This is an interesting issue. Blalock (Social Statistics 1960, p.
210) provides the following discussion about confidence intervals:
"Several words of caution are necessary in interpreting confidence
intervals. The beginning student is likely to use vague phrases such
as, "I am 95 per cent confident that the interval contains the
parameter", or "the probability is .95 that the parameter is in the
interval." In so doing one may not clearly recognize that the
parameter is a fixed value and that it is the intervals that vary from
sample to sample. According to our definition of probability, the
probability of the parameter being in any given interval is either
zero or one since the parameter is or is not within the specific
interval obtained. ...one's faith is in the procedure used rather
than any particular interval. We can say that the procedure is such
that in the long run 95 per cent of the intervals obtained will
include the true (fixed) parameter."
Based on this I believe that after 10,000 samples have been produced
(simulating a sampling distribution) 95 per cent of your samples
produced a point estimate within your population confidence interval.
Whether your sample captures the fixed parameter or not is still a
question, yet, if it is in this range it likely does.
Considering single samples (not simulated sampling distributions)
Blalock continues "You should be careful not ti imply or assume that
the particular interval you have obtained has any special property not
possessed by comparable intervals that would be obtained by other
intervals." (p. 211)
Best,
Alan
On Tue, Jun 3, 2008 at 3:09 PM, Dan Weitzenfeld
<[email protected]> wrote:
> Hi Folks,
> I'm grappling with what the results of Bootstrapping can tell you.

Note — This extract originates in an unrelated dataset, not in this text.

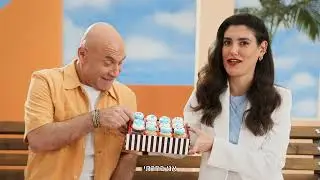 מזרחי טפחות - 100 שנים של אנושיות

> Let's say I bootstrap from my sample 10,000 times, calculating a given
> statistic, giving me the detail I need to use the 2.5% and 97.5%
> percentiles to construct a 95% confidence interval.
> What does that *mean*?
> Am I 95% confident that the true value of that statistic is within the
> interval? If so, doesn't that require 100% confidence that my sample
> is an accurate representation of the underlying population?